◆ **Task to carry out**
The result should consist solely of the line containing "Frosted Pumpkin Patch Brevpapper (Framsida)" and the lines that follow it below, each reproduced exactly, the last line included.
○ ○ ○
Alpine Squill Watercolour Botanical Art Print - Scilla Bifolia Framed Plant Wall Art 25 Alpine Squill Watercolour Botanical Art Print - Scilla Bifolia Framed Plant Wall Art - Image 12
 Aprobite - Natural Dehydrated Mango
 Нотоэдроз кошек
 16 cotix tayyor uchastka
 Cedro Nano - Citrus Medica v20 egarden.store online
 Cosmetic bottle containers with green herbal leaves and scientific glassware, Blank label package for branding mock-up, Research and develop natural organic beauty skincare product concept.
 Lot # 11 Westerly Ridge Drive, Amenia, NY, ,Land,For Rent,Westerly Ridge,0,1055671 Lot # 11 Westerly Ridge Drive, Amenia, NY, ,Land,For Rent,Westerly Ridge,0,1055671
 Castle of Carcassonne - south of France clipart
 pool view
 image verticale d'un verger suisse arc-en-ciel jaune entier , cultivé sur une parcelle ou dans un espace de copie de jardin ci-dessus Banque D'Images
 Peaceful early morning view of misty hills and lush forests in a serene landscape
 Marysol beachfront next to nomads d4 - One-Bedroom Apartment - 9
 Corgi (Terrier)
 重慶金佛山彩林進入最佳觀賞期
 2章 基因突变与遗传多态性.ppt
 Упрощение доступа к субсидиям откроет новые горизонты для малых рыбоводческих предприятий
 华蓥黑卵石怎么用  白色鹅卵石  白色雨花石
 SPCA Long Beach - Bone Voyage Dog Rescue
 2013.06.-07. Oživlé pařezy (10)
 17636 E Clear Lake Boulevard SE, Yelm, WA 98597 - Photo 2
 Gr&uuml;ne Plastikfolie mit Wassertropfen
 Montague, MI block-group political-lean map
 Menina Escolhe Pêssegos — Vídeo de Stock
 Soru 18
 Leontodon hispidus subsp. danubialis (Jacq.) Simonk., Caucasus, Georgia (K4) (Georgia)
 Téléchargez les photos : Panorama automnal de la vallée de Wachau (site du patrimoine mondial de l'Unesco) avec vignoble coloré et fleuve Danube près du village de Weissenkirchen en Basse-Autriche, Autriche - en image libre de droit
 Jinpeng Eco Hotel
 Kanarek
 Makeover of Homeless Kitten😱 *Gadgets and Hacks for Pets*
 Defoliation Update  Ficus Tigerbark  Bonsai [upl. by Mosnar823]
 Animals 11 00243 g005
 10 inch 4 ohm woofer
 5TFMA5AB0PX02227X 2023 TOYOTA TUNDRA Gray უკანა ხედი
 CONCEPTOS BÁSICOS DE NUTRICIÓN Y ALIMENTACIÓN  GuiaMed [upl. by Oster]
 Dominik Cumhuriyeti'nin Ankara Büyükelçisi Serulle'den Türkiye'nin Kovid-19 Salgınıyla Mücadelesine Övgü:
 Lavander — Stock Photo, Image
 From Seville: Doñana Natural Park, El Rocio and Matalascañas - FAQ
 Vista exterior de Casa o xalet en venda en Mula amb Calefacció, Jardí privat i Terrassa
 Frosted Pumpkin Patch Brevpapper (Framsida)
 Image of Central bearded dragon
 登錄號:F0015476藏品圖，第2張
○ ○ ○
◆ **Reply to the exercise**
 Frosted Pumpkin Patch Brevpapper (Framsida)
 Image of Central bearded dragon
 登錄號:F0015476藏品圖，第2張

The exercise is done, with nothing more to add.